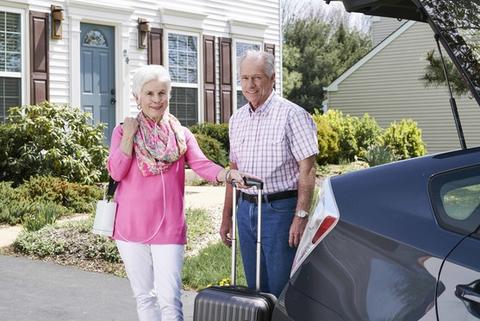 Man and woman standing with portable oxygen concentrator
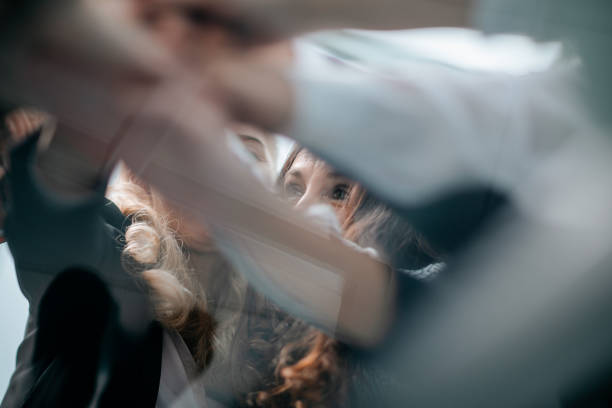 istock close up. business people joining their hands together 1291834429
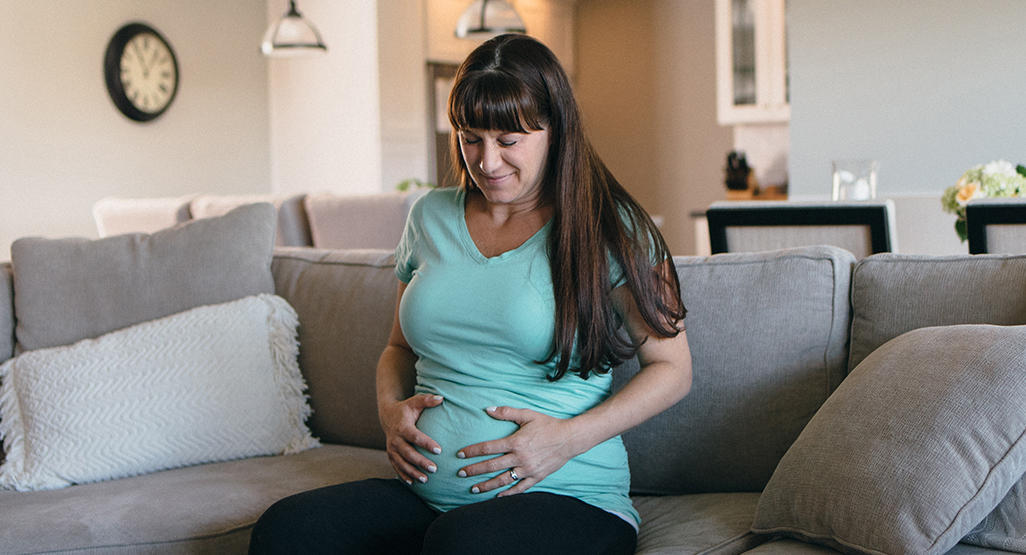pregnant woman in pain, holding her belly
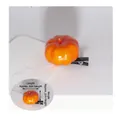 Detail view of orange pumpkin hair clip with dimensions L 3cm and H 2cm on black metal clip - Pumpkin Style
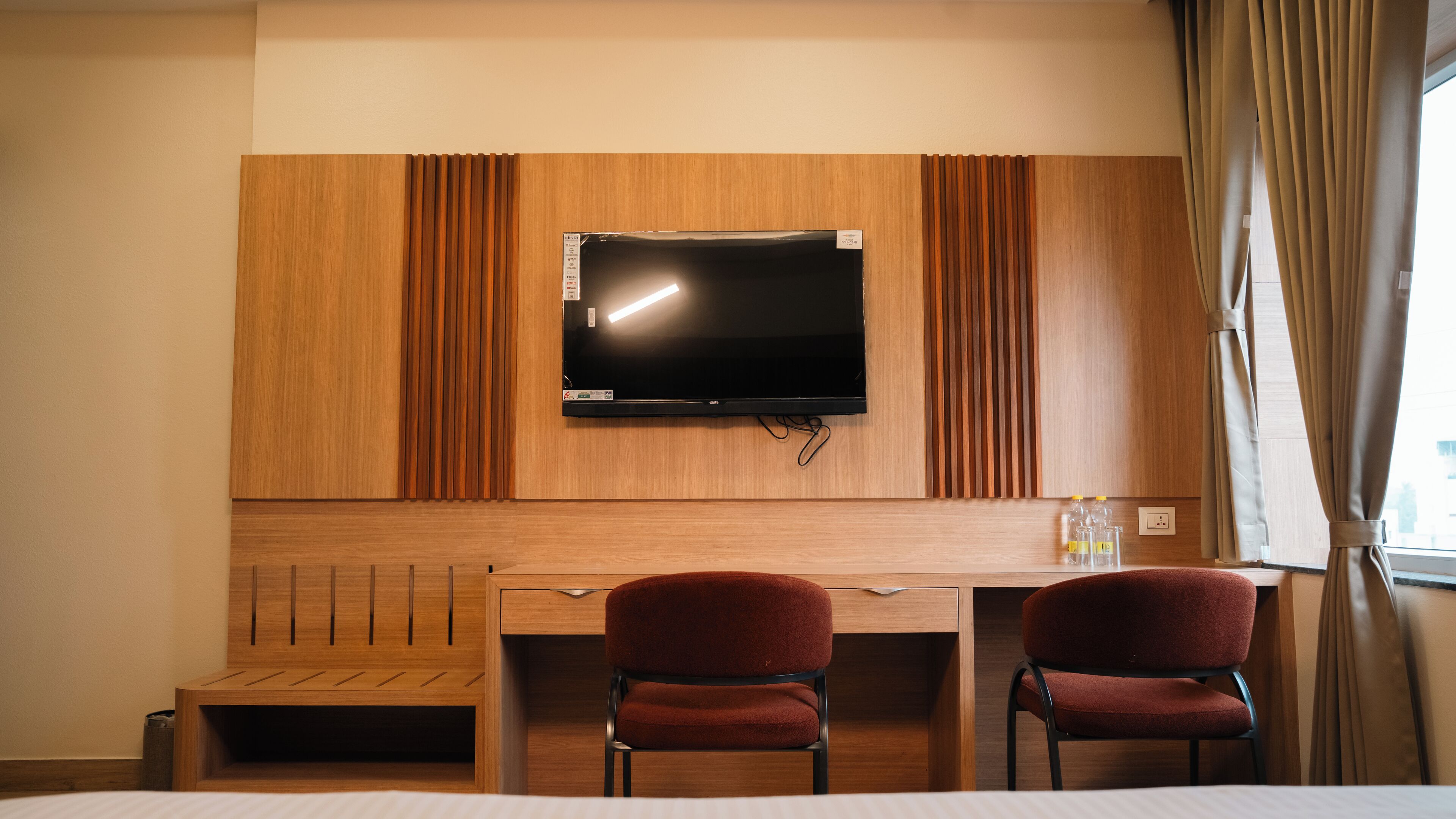 A hotel room with a wooden desk, two red chairs, a flat-screen TV, and a window with curtains.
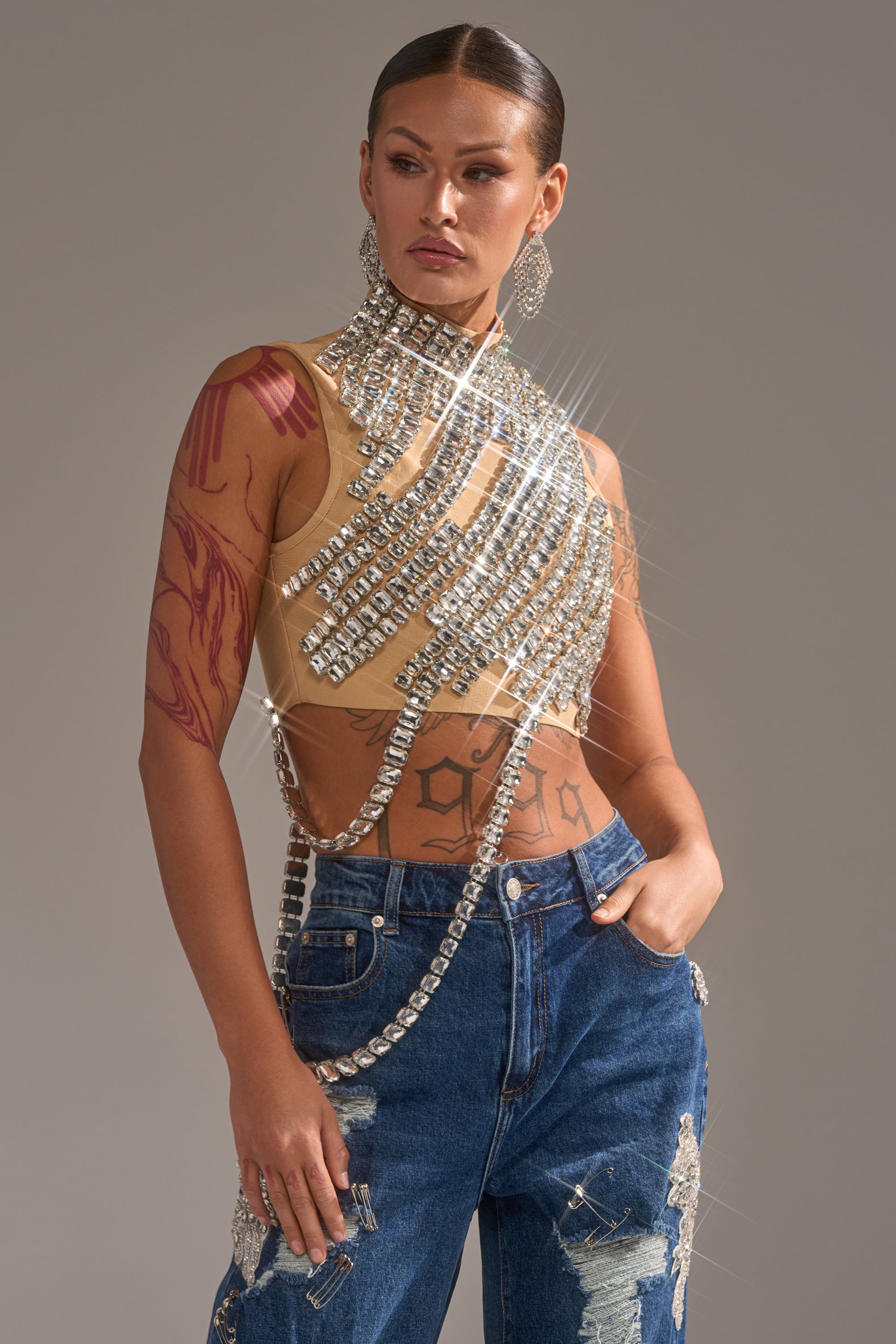 A person with slicked-back hair wears the ITS YOUR TIME RHINESTONE MOCK NECK BLOUSE and high-waisted blue jeans adorned with rhinestone patches, styled with visible tattoos and large, dangling earrings for a bold, sparkling look.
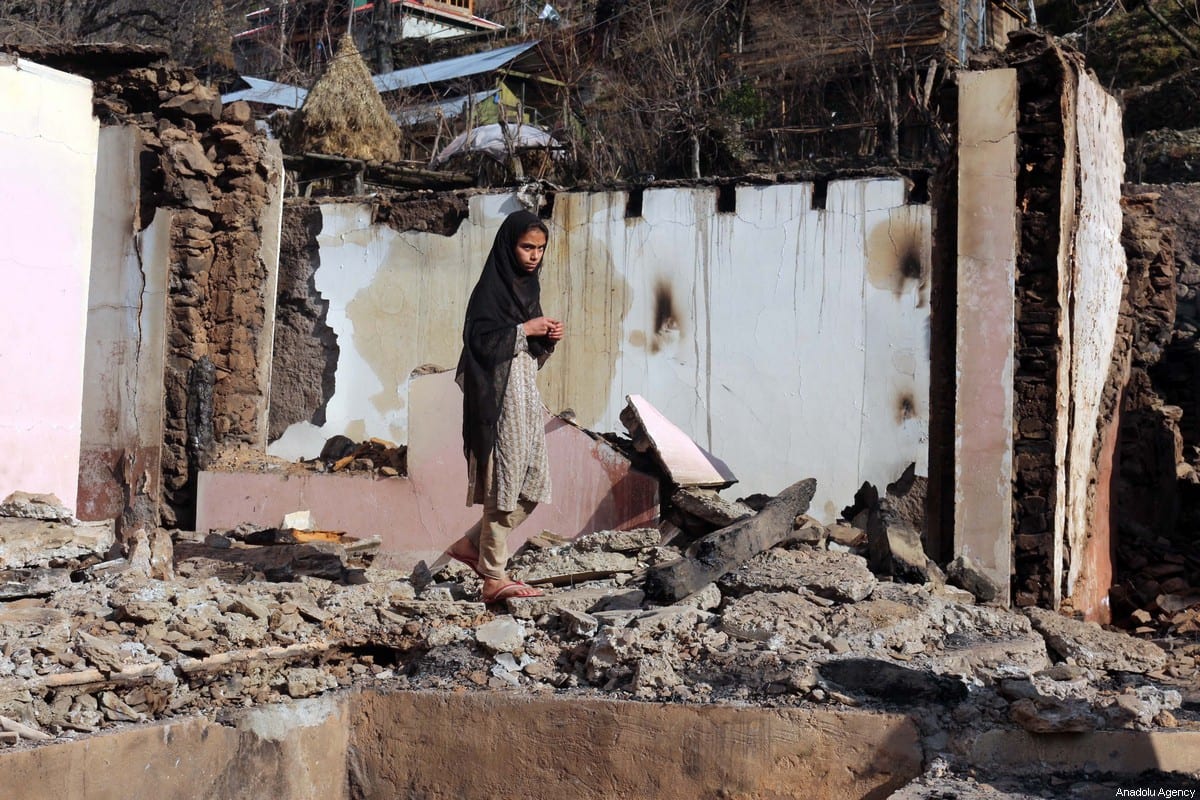 A woman stands on the debris of her house targeted by cross border Indian troops in Kashmir on 23 December 2019 [CHUDARY NASEER/Anadolu Agency]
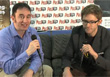 Two men sit on a dark couch holding microphones in front of a branded backdrop.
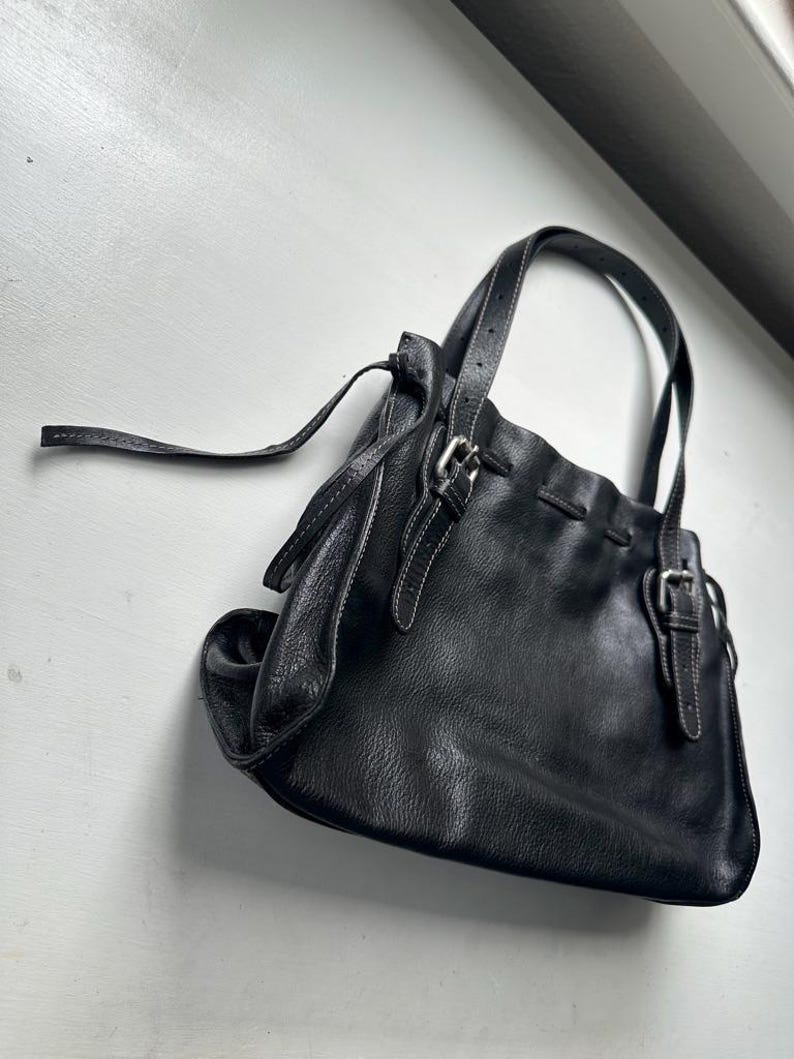 May include: Black leather handbag with two handles and a shoulder strap. The bag features silver-colored buckles and white stitching details. The bag has a soft, slouchy design.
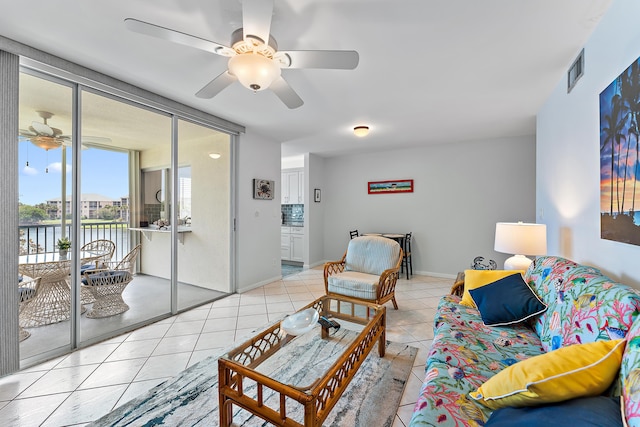 living room with ceiling fan, a water view, and light tile patterned floors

◇ ◇ ◇ ◇

[WHAT YOU ARE ASKED TO DO]
Repeat exactly the lines from the first line of the records above through the line containing "A person with", leaving out the pictures.

[ANSWER BOX]
 Man and woman standing with portable oxygen concentrator
 istock close up. business people joining their hands together 1291834429
pregnant woman in pain, holding her belly
 Detail view of orange pumpkin hair clip with dimensions L 3cm and H 2cm on black metal clip - Pumpkin Style
 A hotel room with a wooden desk, two red chairs, a flat-screen TV, and a window with curtains.
 A person with slicked-back hair wears the ITS YOUR TIME RHINESTONE MOCK NECK BLOUSE and high-waisted blue jeans adorned with rhinestone patches, styled with visible tattoos and large, dangling earrings for a bold, sparkling look.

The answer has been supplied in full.